The quantum J_{1}-J_{1'}-J_{2} spin-1/2 Heisenberg antiferromagnet: A variational method study

TL;DR

This study uses a variational method to map the phase diagram of a frustrated quantum spin-1/2 Heisenberg model on an anisotropic square lattice, revealing distinct magnetic phases and a quantum critical endpoint.

Contribution

It provides a detailed phase diagram of the frustrated Heisenberg model using a variational approach, identifying quantum paramagnetic states and critical points.

Findings

Identified AF, CAF, and QP phases depending on coupling ratios.

Discovered a quantum paramagnetic region between AF and CAF phases.

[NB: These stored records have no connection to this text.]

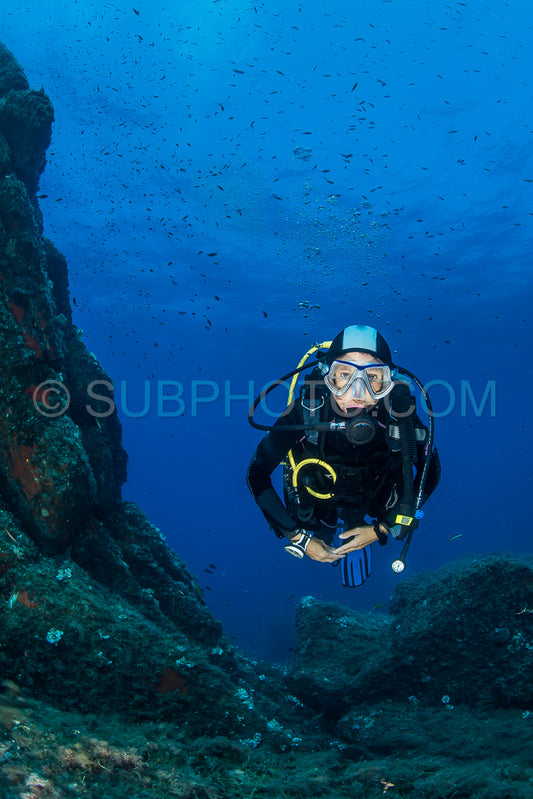 woman scuba diving over rocks in the Mediterranean Sea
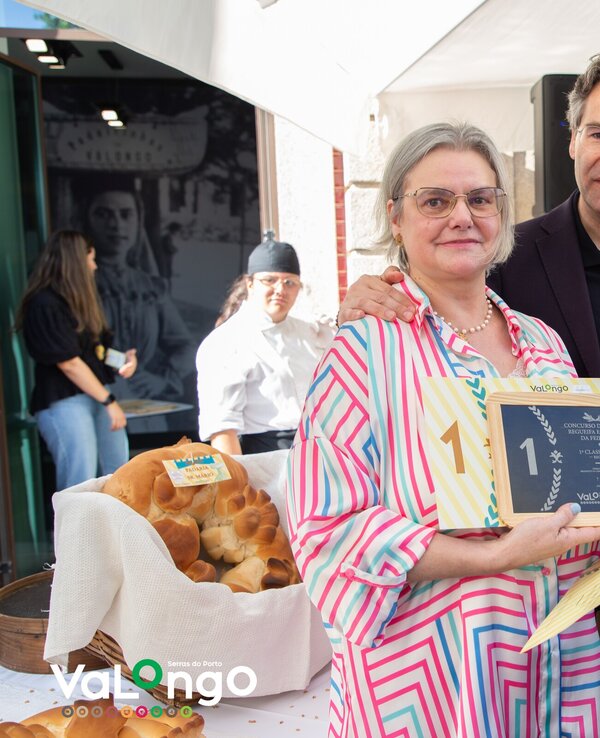 Uma mulher com um prémio em mãos, ao lado de um homem, rodeados por pessoas.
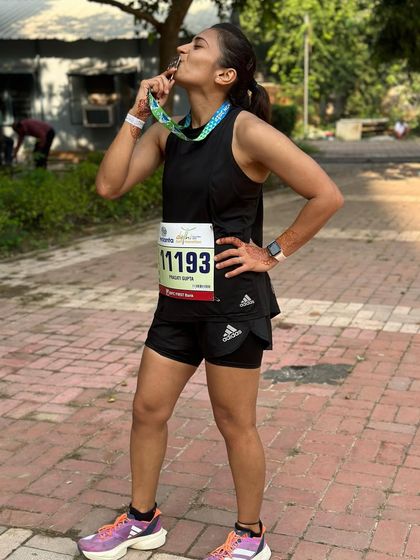 Kissing the medal after a hard-fought race at the Vedanta Delhi Half Marathon. Every medal tells a story of effort, perseverance, and the joy of running.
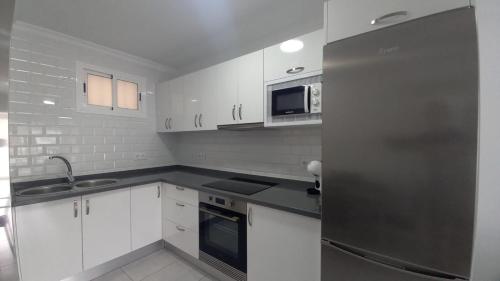 Kuchyň nebo kuchyňský kout v ubytování Apartamento Sol 523 Puerto Feliz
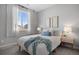 Cozy bedroom with striped bedding and wood nightstand at 25146 E 1St Ave, Aurora, CO 80018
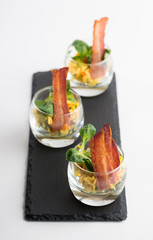 Speckship mit Reissalat als Vorspeise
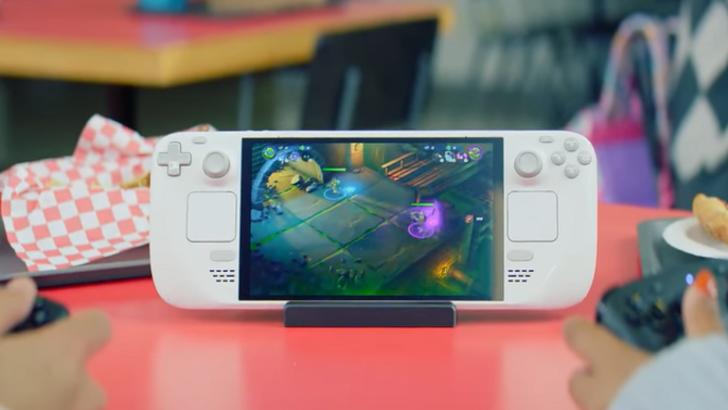 Steam Deck displays a game while two players use Steam Controllers at a table
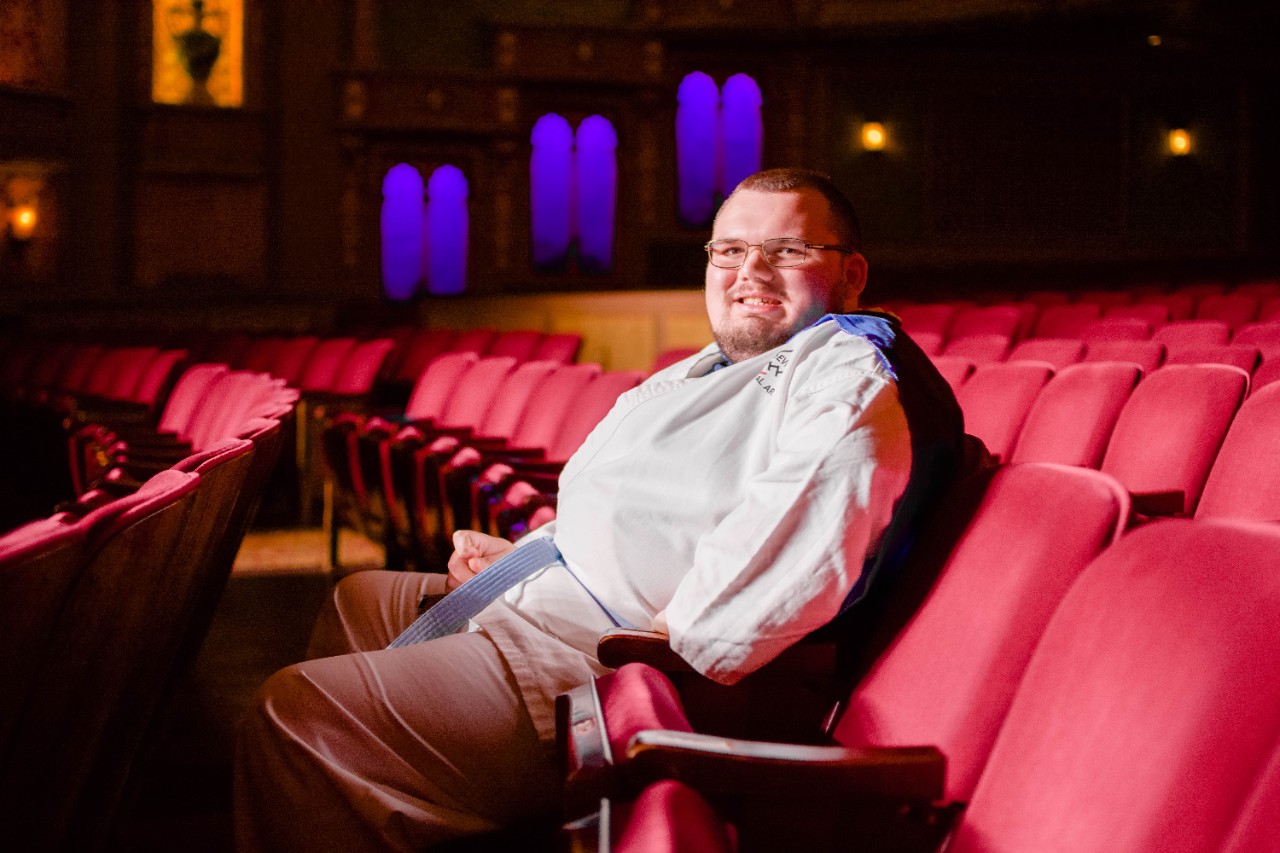 Man sitting in rows of seats at Tennessee theatre, colorful lights in the background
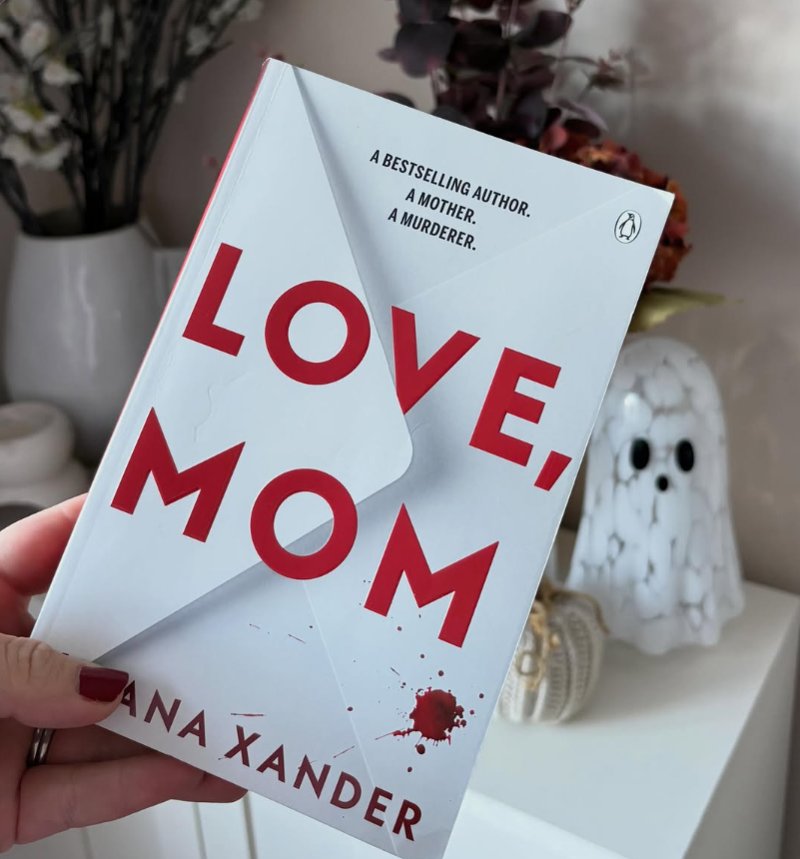 Fliss holding her copy of Love, Mom by Iliana Xander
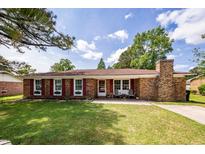 Charming brick home features a well-manicured lawn, red shutters, and inviting front porch at 104 Clover St, Summerville, SC 29483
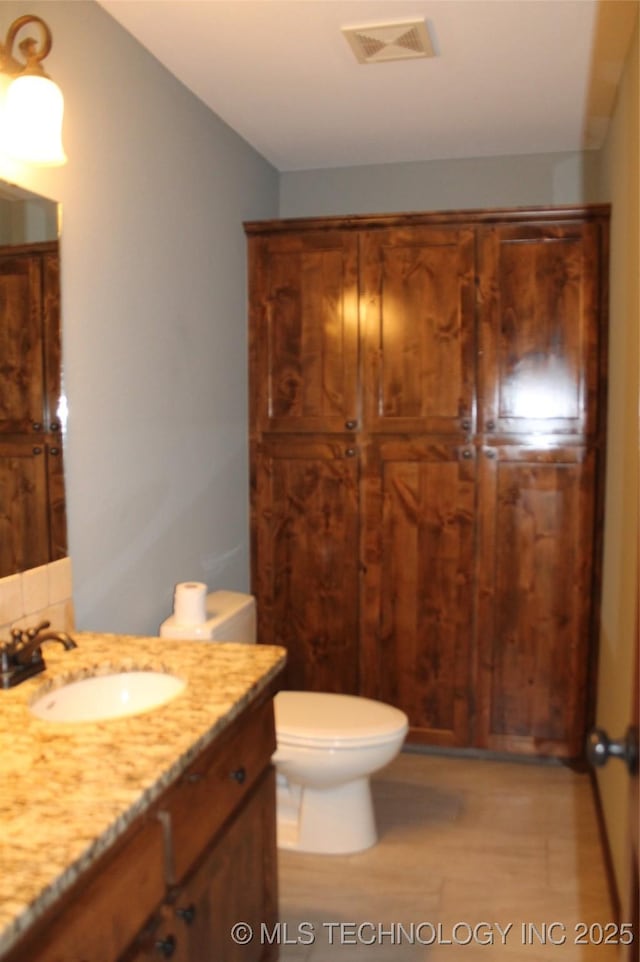 2148 E Wise Rd, Mcalester, OK 74501 - bathroom with wood finished floors, vanity, and lofted ceiling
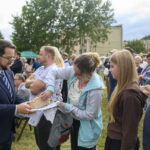 Grupa ludzi na świeżym powietrzu w kolejce, na czele mężczyzna w garniturze. Kobieta z dzieckiem bierze chleb. W tle drzewa i budynki.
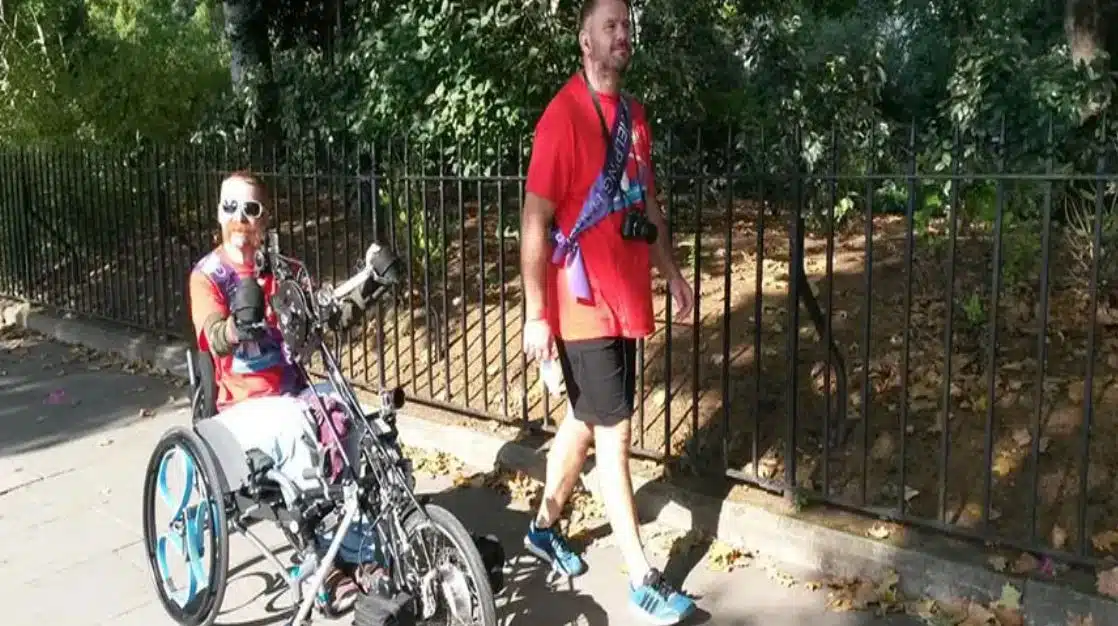 A man and woman walking on a pavement with a wheelchair.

Located the quantum critical endpoint where phase boundaries merge.

Abstract

The phase transition of the quantum spin-1/2 frustrated Heisenberg antiferroferromagnet on an anisotropic square lattice is studied by using a variational treatment. The model is described by the Heisenberg Hamiltonian with two antiferromagnetic interactions: nearest-neighbor (NN) with different coupling strengths J_{1} and J_{1'} along x and y directions competing with a next-nearest-neighbor coupling J_{2} (NNN). The ground state phase diagram in the ({\lambda},{\alpha}) space, where {\lambda}=J_{1'}/J_{1} and {\alpha}=J_{2}/J_{1}, is obtained. Depending on the values of {\lambda} and {\alpha}, we obtain three different states: antiferromagnetic (AF), collinear antiferromagnetic (CAF) and quantum paramagnetic (QP). For an intermediate region {\lambda}_{1}<{\lambda}<1 we observe a QP state between the ordered AF and CAF phases, which disappears for {\lambda} above some critical value {\lambda}_{1}. The boundaries between these ordered phases merge at the quantum critical endpoint (QCE). Below this QCE there is again a direct first-order transition between the AF and CAF phases, with a behavior approximately described by the classical line {\alpha}_{c}{\simeq}{\lambda}/2.